6 Ways SQL Can Be Used to Understand Data Science Career Trends

6 Ways SQL Can Be Used to Understand Data Science Career

It’s an unsurprising fact that a data science career is forward-looking, lucrative, and interesting. The demand for data science professionals has now accelerated at a much faster pace than ever before. It is believed to rise drastically in the coming 10 years.

The growth in data science career options is estimated to be 22% during 2020−2030, according to the U.S. Bureau of Labor Statistics. It is higher than a 7.7% rise in other types of jobs. The job of data scientist has been even considered the Sexiest Job of the 21st Century by HBR or Harvard Business Review.

If you’re a practitioner of the data science subject and curious to know which data science job is highly demanding and rewarding, what are the average salaries, and more, then use SQL. In this post, you’ll walk through different ways SQL can be used to get detailed insights into career options in data science.

SQL Role for Data Science Professionals

Data science, a term that deals with making sensible meaning of lots of data, is not restricted just to medicine and astronomy. It has now been adopted in the business sector for more confident and intellectual decision-making. For data analysis, it is essential to extract data from the database. This is when data scientists need to use SQL.

SQL (structured query language) was among the 5 widely used programming languages in 2022 (source_Statista). In data science, this programming language is often used to handle structured data which is stored in a relational database. Data scientists need to use SQL for data extraction, data transformation, data aggregation, data visualization, and data exploration.

SQL can be a stepping stone for aspiring candidates seeking career paths in data science. By leveraging SQL, they can make informed decisions to make their data science journey easier. This programming language can be used to stay updated about the changing data science sector and successfully navigate career paths.  

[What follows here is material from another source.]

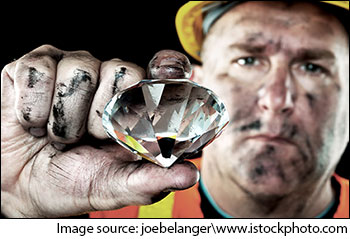 What Indias Best Stocks Look Like: The 11 Stocks You Must Own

How SQL Can Be Used to Understand Data Science Job Market?

Data science practitioners can use SQL in the following ways to get insights into the respective job market.

  1. Discover Highly Demanded Data Science Job Titles

Leveraging SQL for analyzing high-demand job postings will assist you in finding the most common yet trending job titles in data science. Acquiring this information will help you prioritize the best data science career option in the future and develop the skills for the potential role.

The COUNT statement counts how often each job title occurs. The outcomes are sorted in descending order, showing the common jobs at the top.

SELECT job_title, COUNT(*) as job_count or TotalEmployees

FROM datascience_salaries

GROUP BY job_title


LIMIT 10;  

  • Estimating Average Salary

Using SQL, professionals can find the average salaries for varying experience levels. The average salary analysis will assist you in negotiating the right package and getting a data science job with high earning potential.

The SELECT statement will select data from the database and GROUP BY groups the extracted data based on experience level. The AVG function determines average salaries for different groups and experience levels.

SELECT experience_level as TotalEmployees, AVG(salary)

FROM salary_data

GROUP BY role or experience_level

ORDER BY TotalSalary_Amount desc;

  • Finding Job Location

Geographical analysis on different job roles is a walk in the park using SQL. By grouping the job postings based on their location, you can find locations with the higher potential of rewarding career paths in data science and making confident decisions. The COUNT function will find job postings in each area and arrange them in descending order.

SELECT location, COUNT (*) as Location_Count from ‘datascience_salaries’

FROM salary_data

GROUP BY location

ORDER BY LocationCount desc

Limit 7;

Analyzing the results will assist you in targeting locations that are hubs for data science job, easing the relocation decision-making.  

  • Analyzing Potential Earnings Based on Company Size

Using aggregate functions like MIN, MAX, and AVG allows data scientists to understand how salary distribution differs based on the company size. Armed with this data, you can estimate the potential earnings based on the company you wish to become a part of.

SELECT company_size, AVG(salary) as avg_salary, MIN(salary) as min_salary, MAX(salary) as max_salary

FROM salary_data

GROUP BY company_size;

  • Analyzing Postings with Top Salaries

Again, using the AVG function helps determine the average salary for different job titles in data science. Acquiring the calculated data will result in highlighting the well-paid career paths in data science for a rewarding future.

SELECT job_title, AVG(salary) as avg_salary

FROM salary_data

GROUP BY job_title

ORDER BY avg_salary DESC


  • Analyze Research Papers and Industry Trends

Using SQL can be a great source for understanding the latest data science career trends and mastering your skills based on the rising requirements. By analyzing different social media platforms using relevant data science keywords and hashtags, you can measure the demand for several topics. In addition, SQL can assist in exploring key research topics and recommended authors.


Data science is a well-paid and popular job among other various career options with a growing scope. SQL proves to be the ultimate guide in having a comprehensive insight into a career in data science, helping with informed career decisions.